Imagine Kenyon’s son running the most powerful football agency in the English game and demanding that clubs come grovelling for players and favours. And then throw in Blackburn Rovers facing relegation because of match-fixing. And Brian Barwick resigning. And Tony Blair being forced to appoint a commissioner to run the FA and FA Premier League.
The Italian football scandal is all of that and promises to be much more. Not even José Mourinho in his most paranoid moments could imagine such a cocktail of sinister conspiracies.
Evidence of alleged corruption at the top of the Italian FA mixes with almost comical reports that highlights on the equivalent of Match of the Day were apparently doctored to be kind to Juventus. The club’s former general manager, Luciano Moggi, spent hours giving evidence to prosecutors yesterday. He is fighting all the charges, but hours of bugged phone conversations have painted a picture of him as the sport’s Godfather, making offers that could not be refused to officials and referees.
And to think that it was not so long ago that we used to look up to Italian football. To think that it was cool to watch James Richardson presenting Channel 4’s Gazzetta on Sundays holding a pink newspaper and a cappuccino .
Ten years ago, when English clubs could not buy a result in the European Cup — and, on recent evidence, they should have tried — Juventus players seemed like gods when they visited Old Trafford. A top player would not be seen dead in the Premiership in those days. Serie A was the only place for someone such as Zinédine Zidane to pursue his career.
If the stripping away of the layers of corruption in Italy has not made a huge splash in Britain, perhaps it is because that admiration had already waned. With the growth of the Champions League has come a familiarity. And the more we have come to see of Italian football, the fewer reasons we have had for envy.
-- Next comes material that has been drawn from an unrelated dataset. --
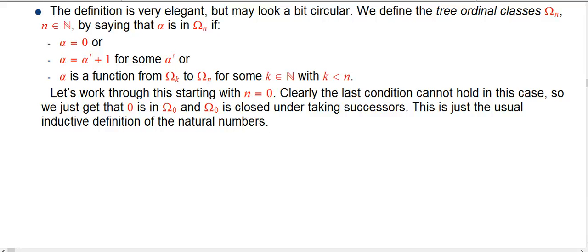I hope I've whetted your appetite enough that you want to see the explicit definition of what these tree ordinal gadgets is. It's really quite elegant. It's rather formal, but I think we have the intuition for it, hopefully.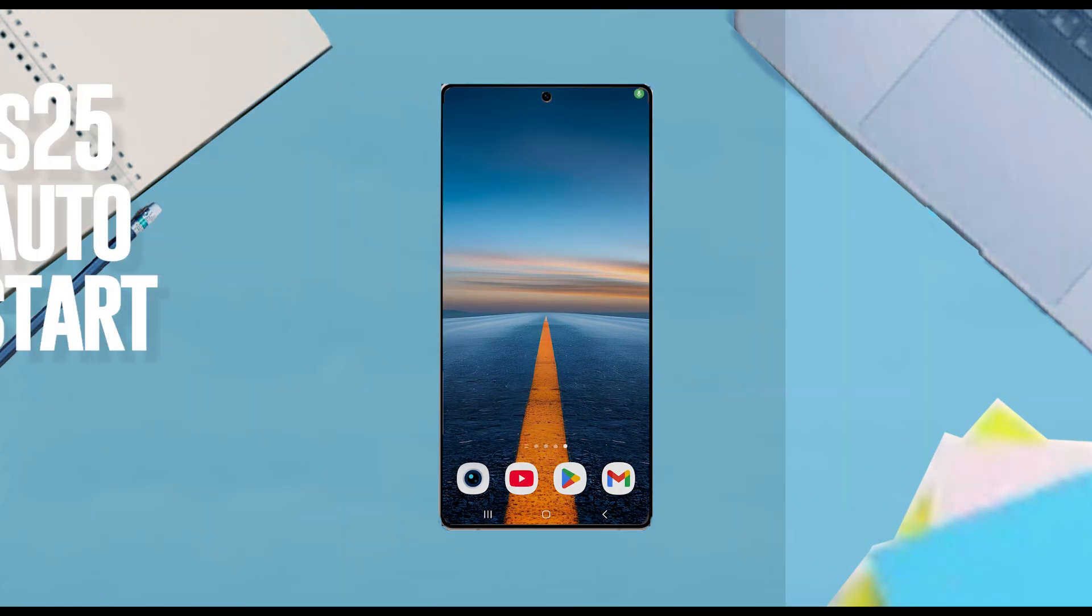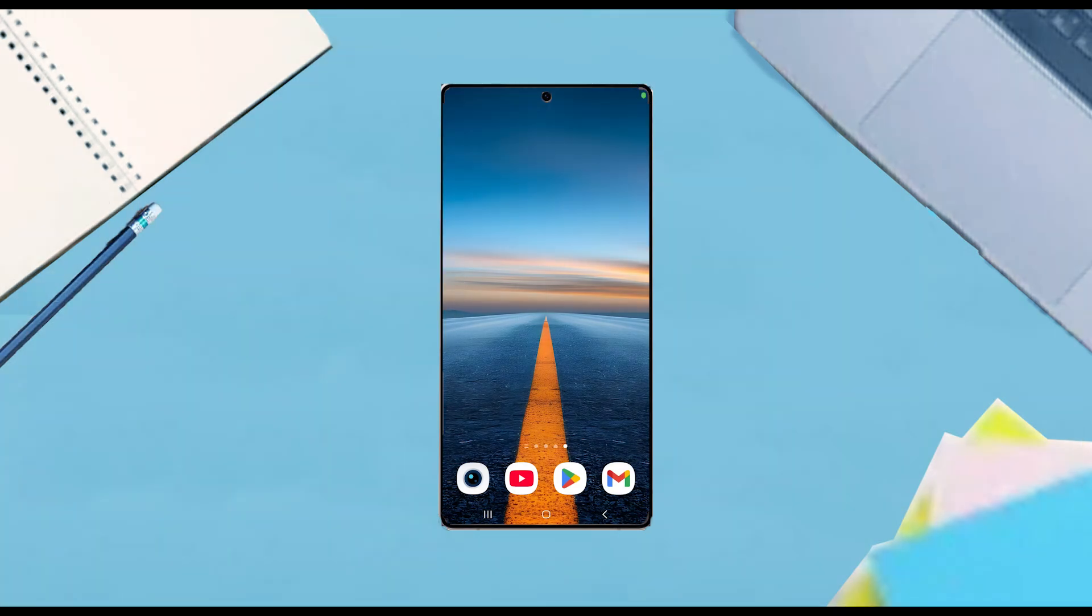Hello YouTube. In this video, we'll be taking a look at how to make Android Auto launch automatically on the Samsung Galaxy S25 Ultra. This will work for the S25 Ultra, S25, and the S25 Plus as well.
Go to many of the Italian grounds, such as the Stadio delle Alpi, and the facilities are archaic compared with almost every stadium in the Premiership. And even if the surroundings are acceptable, there are often intolerable levels of violence and racism.
On the pitch, the flow of talent has switched so that players such as Michael Ballack and Thierry Henry want to play in England, while a Premiership reject such as Patrick Vieira can be snapped up by Juventus. And then there is the fact that English clubs have started beating their Italian rivals, if not every time then certainly with a pleasing regularity.
English football had already seized the high ground, even before Italian football started rolling in the gutter. But the whole sordid affair inevitably raises the question — could it happen in England?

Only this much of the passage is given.